Certification Problem

Input (TPDB SRS_Standard/Zantema_06/09)

The rewrite relation of the following TRS is considered.

a(s(x1))	→	s(a(x1))	(1)
b(a(b(s(x1))))	→	a(b(s(a(x1))))	(2)
b(a(b(b(x1))))	→	c(s(x1))	(3)
c(s(x1))	→	a(b(a(b(x1))))	(4)
a(b(a(a(x1))))	→	b(a(b(a(x1))))	(5)

Property / Task

Prove or disprove termination.

Answer / Result

Yes.

Proof (by ttt2 @ termCOMP 2023)

1 String Reversal

Since only unary symbols occur, one can reverse all terms and obtains the TRS

s(a(x1))	→	a(s(x1))	(6)
s(b(a(b(x1))))	→	a(s(b(a(x1))))	(7)
b(b(a(b(x1))))	→	s(c(x1))	(8)
s(c(x1))	→	b(a(b(a(x1))))	(9)
a(a(b(a(x1))))	→	a(b(a(b(x1))))	(10)

1.1 Rule Removal

Using the linear polynomial interpretation over the naturals

[a(x₁)]	=	2 · x₁ + 3
[c(x₁)]	=	4 · x₁ + 11
[s(x₁)]	=	4 · x₁ + 1
[b(x₁)]	=	2 · x₁ + 3

all of the following rules can be deleted.

s(a(x1))	→	a(s(x1))	(6)
s(b(a(b(x1))))	→	a(s(b(a(x1))))	(7)

1.1.1 Dependency Pair Transformation

The following set of initial dependency pairs has been identified.

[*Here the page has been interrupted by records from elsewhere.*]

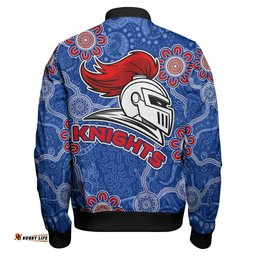 Knights Rugby Bomber Jacket - Custom Aboriginal Rugby Knights Bomber Jacket RLT13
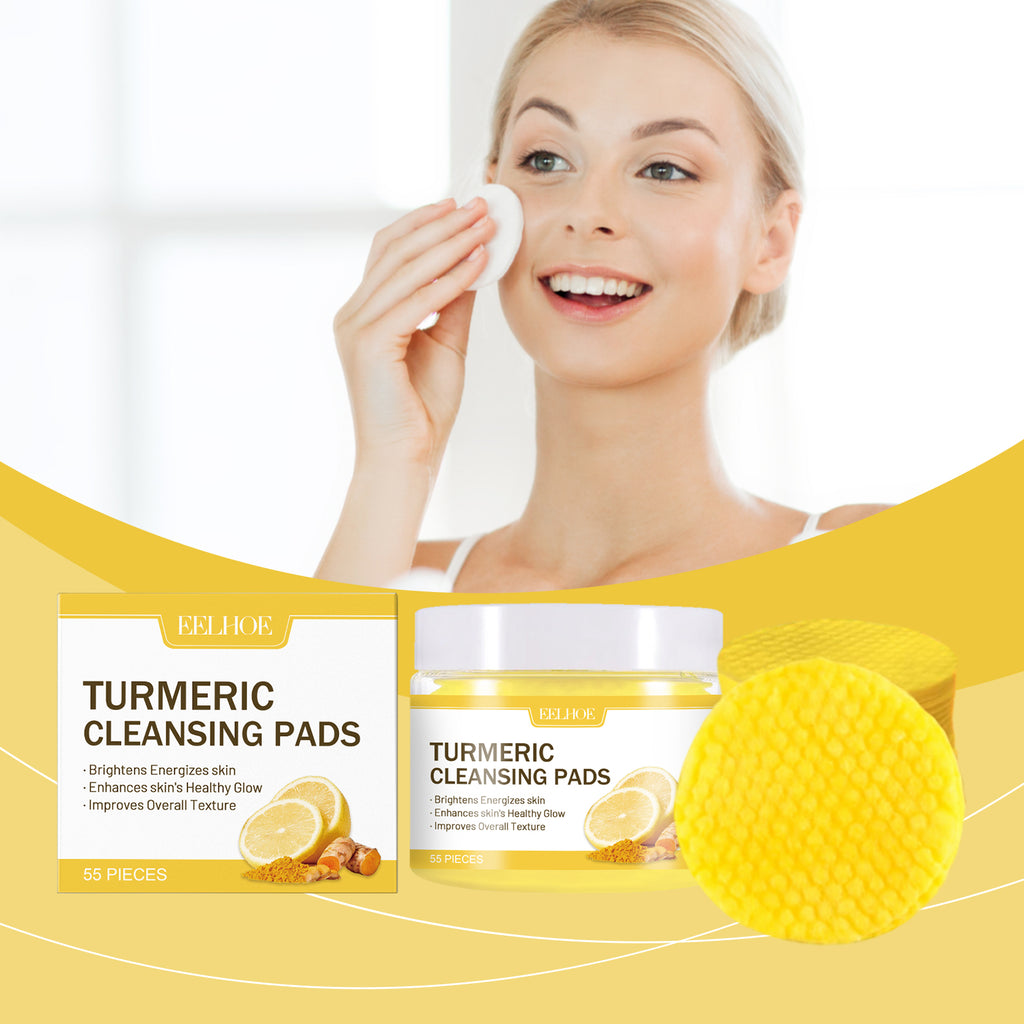 $18.64 - EELHOE Ginger Lemon Make-up Remover Pads, Gentle Facial Makeup Remover, Non-tightening Skin Care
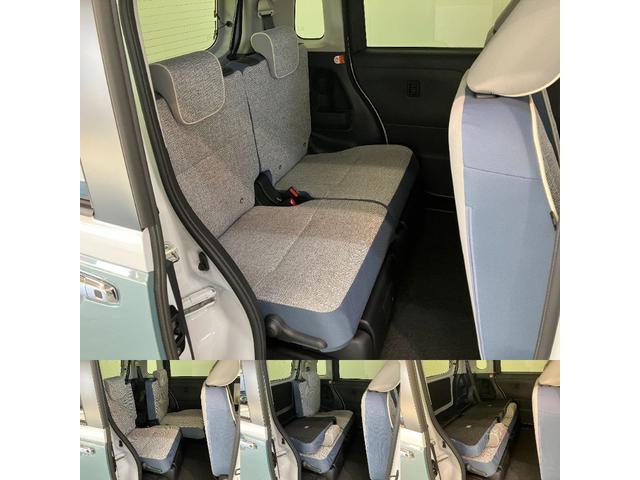 ムーヴキャンバスストライプスG 9型ディスプレイオーディオ 届出済未使用車衝突被害軽減ブレーキ コーナーセンサー フルセグ Bluetooth USB パノラマカメラ 両側電動スライドドア 前席シートヒーター 電動パーキングブレーキ LED 駐車支援システム(滋賀県)の中古車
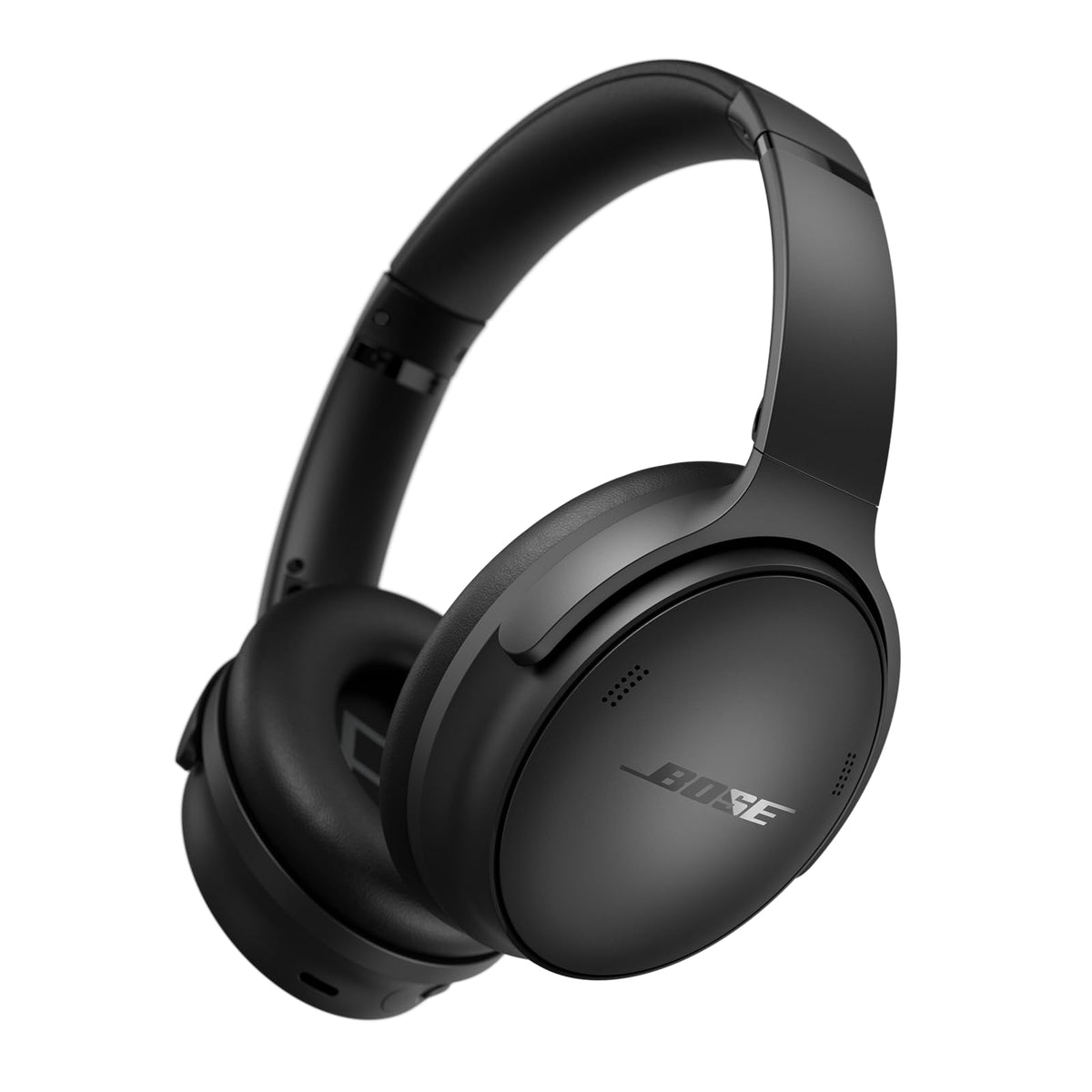 Bose QuietComfort - Auriculares inalámbricos con cancelación de ruido, Bluetooth sobre la oreja con hasta 24 horas de duración de batería, negros (Reacondicionado)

b^#(b(a(b(x1))))	→	s^#(c(x1))	(11)
s^#(c(x1))	→	a^#(x1)	(12)
s^#(c(x1))	→	b^#(a(x1))	(13)
s^#(c(x1))	→	a^#(b(a(x1)))	(14)
s^#(c(x1))	→	b^#(a(b(a(x1))))	(15)
a^#(a(b(a(x1))))	→	b^#(x1)	(16)
a^#(a(b(a(x1))))	→	a^#(b(x1))	(17)
a^#(a(b(a(x1))))	→	b^#(a(b(x1)))	(18)
a^#(a(b(a(x1))))	→	a^#(b(a(b(x1))))	(19)

1.1.1.1 Dependency Graph Processor

The dependency pairs are split into 1 component.

The 1^st component contains the pair

a^#(a(b(a(x1))))	→	b^#(x1)	(16)
b^#(b(a(b(x1))))	→	s^#(c(x1))	(11)
s^#(c(x1))	→	a^#(x1)	(12)

1.1.1.1.1 Subterm Criterion Processor

We use the projection to multisets

π(a^#)	=	{ 1 }
π(s^#)	=	{ 1 }
π(b^#)	=	{ 1 }
π(c)	=	{ 1 }

to remove the pairs:

a^#(a(b(a(x1))))	→	b^#(x1)	(16)
b^#(b(a(b(x1))))	→	s^#(c(x1))	(11)

1.1.1.1.1.1 Dependency Graph Processor

The dependency pairs are split into 0 components.